Solaire : la filière sous pression entre incertitude politique et coupes budgétaires
Alors que le gouvernement promet un soutien aux énergies décarbonées, les annonces du Premier ministre et les mesures inscrites dans le budget 2026 provoquent une onde de choc dans la filière solaire. Témoignages d'acteurs de terrain et réactions à la réforme des contrats d'achat.
Des annonces jugées floues et insuffisantes
Dans le Loiret, Romain Roy, PDG du groupe Roy Énergie, spécialisé dans les panneaux photovoltaïques, ne cache pas sa déception après la déclaration de politique générale de Sébastien Lecornu. Son entreprise de 200 salariés vient de construire une extension, mais les machines, d'un million d'euros, n'ont pas encore été achetées. "Quand vous faites des investissements comme je suis en train de vous présenter, le retour sur investissement, c'est 7, 15 ou 20 ans", explique-t-il à France Info. Selon lui, "si vous ne savez pas où vous allez à trois ans, personne ne vous prête d'argent et personne n'entreprend".
Il critique vivement l'absence de cap clair : "Qu'ils se concentrent sur le régalien, l'alimentation, la santé, l'armée, l'énergie. Qu'ils nous donnent des caps et les TPE, les PME feront le reste. On n'a pas besoin de leurs conseils. "Le chef d'entreprise dénonce aussi l'instabilité fiscale : "Ils choisissent la TVA qu'ils veulent et ce sont des formes d'instabilité qui perturbent beaucoup les business plans. "
Dans le même groupe, Quentin Dimanche, directeur financier, observe également une incertitude croissante : "À gauche et au centre, ils veulent maintenir le photovoltaïque, à droite ce n'est plus du tout le cas.

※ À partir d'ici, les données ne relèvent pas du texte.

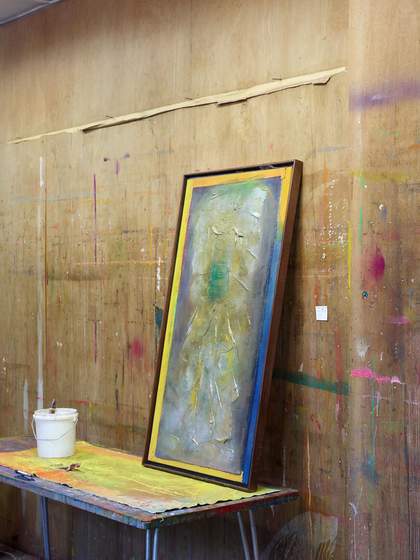 Fig.18 An unstretched, painted canvas spread out on a table in Bowling’s studio, with a paint pot and finished painting resting on its surface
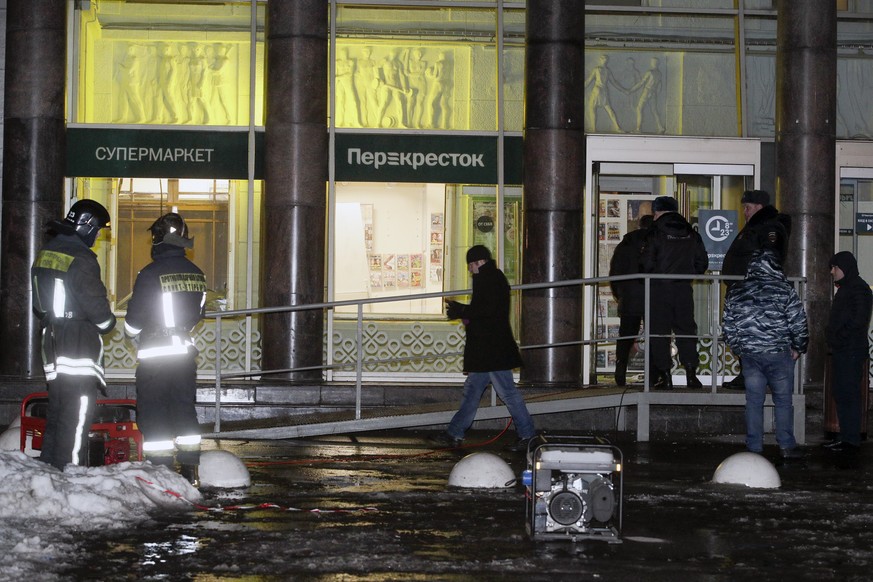 CAPTION CORRECTS THE DATE - Police stand at the entrance of a supermarket, after an explosion in St.Petersburg, Russia, Wednesday, Dec. 27, 2017. Russian officials say at least 10 people have been inj ...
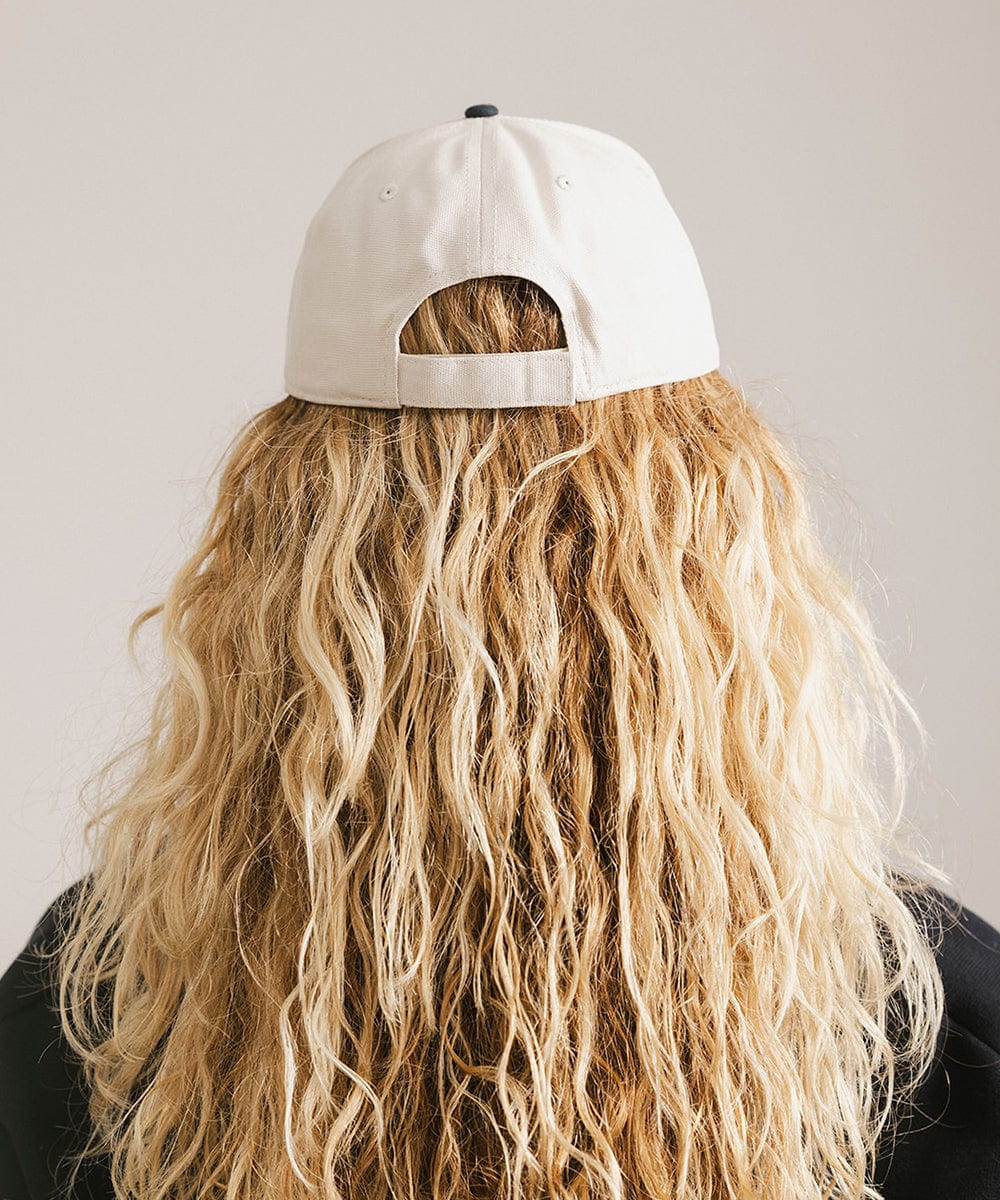 Woman with long hair wearing a cream and navy trucker hat against a plain background #color_cream - navy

Si le RN passe, le carnet de commandes risque de bien diminuer", confie-t-il à France Info.
Un projet de réforme jugé brutal par les professionnels
Le projet de loi de finances 2026 prévoit une révision rétroactive des tarifs d'achat de l'électricité solaire, dénoncée par les organisations professionnelles. Ces contrats, souvent signés entre 2006 et 2010, garantissaient un prix de rachat élevé : 567 euros/MWh en moyenne, selon la Commission de régulation de l'énergie.
La mesure vise à "mettre un terme à des situations de rémunération excessive", a justifié Sébastien Lecornu à l'Assemblée, cité par Les Échos. Elle s'appliquerait aux centrales de plus de 250 kW, comme prévu initialement dans le budget 2021, avant l'annulation du dispositif par le Conseil d'État.
Daniel Bour, président d'Enerplan, réagit : "L'État n'est pas bon joueur, sachant que c'est lui qui avait décidé des tarifs S6-S10." De son côté, Jules Nyssen, président du Syndicat des énergies renouvelables (SER), dénonce "un acharnement" et alerte sur "la tendance à venir modifier par la loi des contrats, [qui] détruit la confiance des investisseurs".
Outre la baisse des tarifs, d'autres dispositions visent la filière solaire : doublement de l'impôt sur certaines centrales mises en service avant 2021, déplafonnement des contributions en cas de flambée des prix, et retour d'une clause censurée par le Conseil constitutionnel début 2025.